It’s a treat to see an artist working confidently with unusual materials. In her exhibition New Work, Nancy Lorenz has made use of mother-of-pearl inlay, lacquer, white gold, and small amounts of pigment, among other materials, to create an engrossing body of work on view at Morgan Lehman Gallery until June 29th.
The artist’s new works, while relatively monochromatic, possess surfaces that are sliced into—much like an etcher’s zinc plate scratched by dry-point drawing. Lorenz’s wide array of unusual materials merge through a process that is all her own. The exhibition embraces drawing and mark—incised hatching specifically—on panel, book cloth, or gessoed cardboard. Most of the larger pieces on view include at least one form of metal or offer glimpses of embedded pearl swirling refracted prisms.
While lyrical abstraction is Lorenz’s vehicle in the new show, uninhabited landscapes are the destinations she arrives at beyond the fog. Each scratched surface relates to shifts in season or changing weather. Occasionally, intermittent bits of color flourish, accenting Lorenz’s surfaces like cirrus clouds and enlivening memories of Turner or Frankenthaler. By request, visitors can also view the artist’s subtle works on paper, like Untitled (2012), wherein color reigns more freely as the artist’s typical slashing line-work carries over from her drawing in metal.

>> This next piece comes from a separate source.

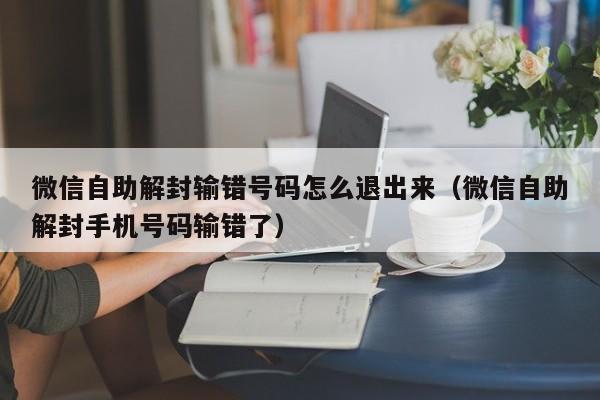 微信自助解封输错号码怎么退出来（微信自助解封手机号码输错了）(图1)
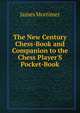 The New Century Chess-Book and Companion to the Chess Player'S Pocket-Book, James Mortimer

An American who spent her adolescence in Japan, Lorenz now resides in New York and has recently returned from a residency at Cill Rialaig Arts Centre in Ireland—an environment which has informed several works in the new exhibition. One of the largest and most successful pieces on view is Palladium Water (2013), a billboard-sized work created in mother of pearl, clay, pigment, and shellac on panel, that suggests a horizontal flow of motion. Lorenz’s sharp slash-like incisions meander up and down as they move across the work’s iridescent surface, wiggling towards stability.
In New Work, compositional pressures flare up and then neutralize. Lorenz finds bending tensions that push against the overall gestalt of her images. Nothing in the show is overworked, in fact, the deeper she digs, the more she uncovers. Smaller white pieces on book cloth like Untitled from Cill Rialaig VI (2012), flutter with simplicity—perhaps lacking the depth of the artist’s more labored efforts. Still, even the smallest and most under-ripe of works in the exhibition hold secrecy—a primordial quality that feels remote and majestic.
Luxe materials and a brave but minimal approach to color and markmaking evoke a distant quality, suggesting each work’s life independent from the viewer’s experience. Flattened fields, shimmering ravines, and vanishing horizons set this far-off stage, though the established mood is too insular to penetrate easily. Then, the viewer gets caught—embedded in crystalline geodes—pushing and pulling at the ages. In this state, Lorenz’s work inspires a new form of visual excavation.